Liv dragged a depressed-looking geranium across the table towards her and started deadheading it, pinching the shrivelled flowers from the choked stems and crumbling them into the pot. ‘Found him yet?’
Arkadian looked down into the street. It would have been the perfect moment for a police van to screech to a halt in front of the building with all three suspects cuffed in the back, but it didn’t happen.
‘Not yet,’ he said. A diesel rainbow was smeared across the wet road where the fire-trucks had parked. ‘We’re working on it.’ He turned back to the crumpled newspaper on the table between them, the front page now a kaleidoscope of letters and crossings out. ‘Had any luck with that?’
‘Haven’t had much time to focus on it, to be honest.
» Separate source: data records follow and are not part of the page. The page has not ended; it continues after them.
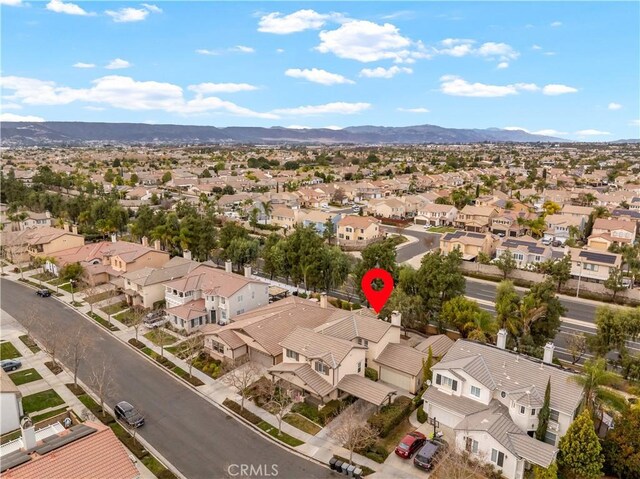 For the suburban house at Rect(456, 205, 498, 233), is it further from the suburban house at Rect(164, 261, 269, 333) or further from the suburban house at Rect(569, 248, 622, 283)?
the suburban house at Rect(164, 261, 269, 333)

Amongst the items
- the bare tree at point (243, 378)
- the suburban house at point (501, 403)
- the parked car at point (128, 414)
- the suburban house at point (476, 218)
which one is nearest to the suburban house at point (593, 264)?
the suburban house at point (476, 218)

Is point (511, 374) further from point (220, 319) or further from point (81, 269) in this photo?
point (81, 269)

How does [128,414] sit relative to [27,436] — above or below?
below

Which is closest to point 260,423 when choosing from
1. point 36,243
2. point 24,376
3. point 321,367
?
point 321,367

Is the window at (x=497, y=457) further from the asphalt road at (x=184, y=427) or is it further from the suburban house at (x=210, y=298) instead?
the suburban house at (x=210, y=298)

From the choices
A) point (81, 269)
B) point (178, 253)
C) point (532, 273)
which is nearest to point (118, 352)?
point (81, 269)

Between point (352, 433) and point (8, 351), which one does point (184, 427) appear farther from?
point (8, 351) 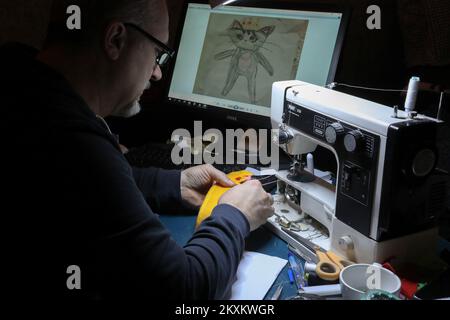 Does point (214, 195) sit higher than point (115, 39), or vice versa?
point (115, 39)

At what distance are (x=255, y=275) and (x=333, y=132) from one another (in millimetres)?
358

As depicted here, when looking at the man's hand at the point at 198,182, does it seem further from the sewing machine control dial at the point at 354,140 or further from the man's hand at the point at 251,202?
the sewing machine control dial at the point at 354,140

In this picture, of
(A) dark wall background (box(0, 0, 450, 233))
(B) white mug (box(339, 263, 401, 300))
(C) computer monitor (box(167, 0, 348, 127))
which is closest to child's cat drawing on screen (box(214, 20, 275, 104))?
(C) computer monitor (box(167, 0, 348, 127))

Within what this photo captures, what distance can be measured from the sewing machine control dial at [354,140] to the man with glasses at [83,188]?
32cm

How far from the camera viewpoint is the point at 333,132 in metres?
1.04

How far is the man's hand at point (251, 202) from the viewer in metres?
1.12

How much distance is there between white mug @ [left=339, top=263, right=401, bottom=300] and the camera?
35.6 inches

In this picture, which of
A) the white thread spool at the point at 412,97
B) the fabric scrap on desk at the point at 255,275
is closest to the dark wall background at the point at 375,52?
the white thread spool at the point at 412,97

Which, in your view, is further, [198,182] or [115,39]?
[198,182]

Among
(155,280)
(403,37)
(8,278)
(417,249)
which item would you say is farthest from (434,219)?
(8,278)

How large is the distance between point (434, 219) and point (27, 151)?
0.83 metres

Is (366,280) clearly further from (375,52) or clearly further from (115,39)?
(375,52)

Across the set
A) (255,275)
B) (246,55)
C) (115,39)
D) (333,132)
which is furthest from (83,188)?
(246,55) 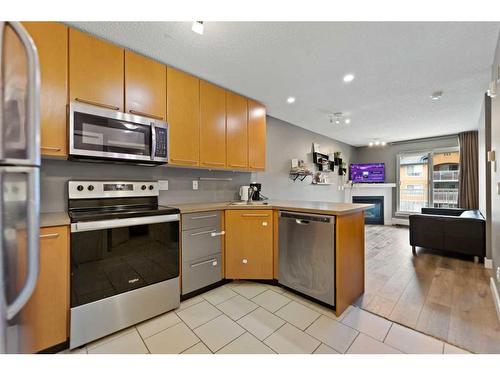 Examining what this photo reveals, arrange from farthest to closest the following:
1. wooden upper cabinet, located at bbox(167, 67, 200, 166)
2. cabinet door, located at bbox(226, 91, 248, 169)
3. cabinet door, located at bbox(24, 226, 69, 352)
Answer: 1. cabinet door, located at bbox(226, 91, 248, 169)
2. wooden upper cabinet, located at bbox(167, 67, 200, 166)
3. cabinet door, located at bbox(24, 226, 69, 352)

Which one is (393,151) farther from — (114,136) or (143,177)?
(114,136)

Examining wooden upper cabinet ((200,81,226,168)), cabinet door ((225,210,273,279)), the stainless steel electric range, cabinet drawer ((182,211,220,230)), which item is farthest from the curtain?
the stainless steel electric range

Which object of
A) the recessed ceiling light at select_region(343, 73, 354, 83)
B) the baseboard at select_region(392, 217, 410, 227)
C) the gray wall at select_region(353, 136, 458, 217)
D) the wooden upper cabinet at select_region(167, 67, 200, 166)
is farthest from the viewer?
the baseboard at select_region(392, 217, 410, 227)

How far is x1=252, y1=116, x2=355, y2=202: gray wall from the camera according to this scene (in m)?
3.49

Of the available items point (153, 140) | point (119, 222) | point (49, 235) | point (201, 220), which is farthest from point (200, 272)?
point (153, 140)

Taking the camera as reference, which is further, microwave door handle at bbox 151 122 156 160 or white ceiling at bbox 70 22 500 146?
microwave door handle at bbox 151 122 156 160

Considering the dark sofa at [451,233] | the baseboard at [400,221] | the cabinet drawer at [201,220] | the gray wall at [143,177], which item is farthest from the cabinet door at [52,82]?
the baseboard at [400,221]

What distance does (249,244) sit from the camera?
228cm

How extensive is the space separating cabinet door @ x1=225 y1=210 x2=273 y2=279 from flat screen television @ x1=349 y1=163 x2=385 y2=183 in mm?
4877

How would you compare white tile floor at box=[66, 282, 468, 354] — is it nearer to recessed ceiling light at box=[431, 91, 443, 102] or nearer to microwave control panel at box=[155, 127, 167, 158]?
microwave control panel at box=[155, 127, 167, 158]

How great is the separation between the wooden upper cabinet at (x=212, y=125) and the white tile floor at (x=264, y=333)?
4.84 feet

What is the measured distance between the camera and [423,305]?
1901 mm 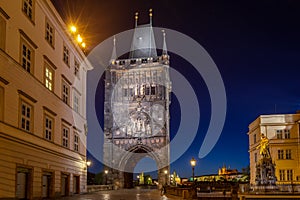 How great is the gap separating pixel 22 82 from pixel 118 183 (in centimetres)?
6494

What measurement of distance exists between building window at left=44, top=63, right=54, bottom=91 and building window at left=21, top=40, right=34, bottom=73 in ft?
9.56

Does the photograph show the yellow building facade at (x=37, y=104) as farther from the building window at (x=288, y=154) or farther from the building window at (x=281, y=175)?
the building window at (x=288, y=154)

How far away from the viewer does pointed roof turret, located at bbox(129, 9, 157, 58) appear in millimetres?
94062

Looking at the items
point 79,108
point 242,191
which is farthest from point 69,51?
point 242,191

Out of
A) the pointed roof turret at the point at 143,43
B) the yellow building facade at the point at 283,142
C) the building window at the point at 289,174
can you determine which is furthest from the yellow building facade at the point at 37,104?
the pointed roof turret at the point at 143,43

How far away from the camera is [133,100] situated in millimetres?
88500

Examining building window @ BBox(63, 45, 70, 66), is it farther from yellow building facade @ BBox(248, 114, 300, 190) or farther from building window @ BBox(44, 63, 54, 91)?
yellow building facade @ BBox(248, 114, 300, 190)

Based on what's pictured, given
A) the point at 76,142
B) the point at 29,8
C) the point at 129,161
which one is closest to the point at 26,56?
the point at 29,8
Been kind of distracted.’
Arkadian said nothing, hoping the silence would soften her.
‘Do you really believe this is why they took him?’ She examined the scrawled symbols and letters once more.
‘Maybe. As soon as we catch them, we’ll ask. Until then, I’d like to ask you something.’ He laid the package Reis had given him down on the table-top.
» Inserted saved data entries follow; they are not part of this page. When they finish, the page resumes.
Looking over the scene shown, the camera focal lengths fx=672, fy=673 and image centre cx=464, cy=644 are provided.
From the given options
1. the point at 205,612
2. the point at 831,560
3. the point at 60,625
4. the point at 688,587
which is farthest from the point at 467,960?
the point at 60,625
Liv’s eyes narrowed. ‘That’s a buccal swabbing kit.’
Arkadian nodded. ‘Given what Reis got back from the lab, it would be very helpful for us to compare your DNA with your brother’s. It would also establish your biological kinship beyond any doubt.’ He slid the kit towards her.
Liv picked the last dead flower from the geranium and mulched it with the others. She rubbed her hands together then opened the specimen jar and wiped the cotton swab inside her cheek. She screwed down the lid and handed it back to him. The Citadel rose up behind the buildings across the street, stark and impassive against the sky. The sight of it made her shudder.
Arkadian followed her gaze. Saw a flash of movement from the street below. ‘Jesus,’ he said, springing from his chair. A TV news van had pulled up in front of the building.
‘I didn’t call them,’ she said. ‘I’m strictly print. We hate those guys.’
There was a knock on the door.
‘Sorry, chief,’ Petersen said, ‘but I’ve lifted practically a whole set of latents from the sheet. You want me to send them for routine processing or fast track?’
‘Hang on a minute, I’ll come with you.’ He turned back to Liv. ‘I know you didn’t call that news crew, so don’t misread what I’m about to say … I think we need to get you out of the building.’
Liv’s expression darkened.
‘This isn’t an attempt to get rid of you; I just think you’d be safer away from here. If the press know what’s happened, they’ll lay siege to the place. I don’t want the people who took your brother finding out on the six o’clock news that you’re here. But I think it’s best you stay under our protection. I’m going to arrange for someone to drive you back to Central so you can get a shower and a change of clothes. I’ll catch up with you later, OK?’
Liv looked down at her mud-encrusted outfit.
‘OK,’ she said. ‘But if you’re using this as an excuse to sideline me, then I’m going to walk straight back out and call a press conference.’
‘Be my guest,’ he said. ‘Just stay away from the windows. I don’t want to see your face on the news.’
Neither do I, Liv thought as she inspected her grimy blouse. She pulled a dirt-roughened lock of hair down from her fringe and glanced over at the window, trying to catch her own faint reflection in the glass. Instead her eyes were drawn back to the thin, dark mountain soaring into the clear blue sky.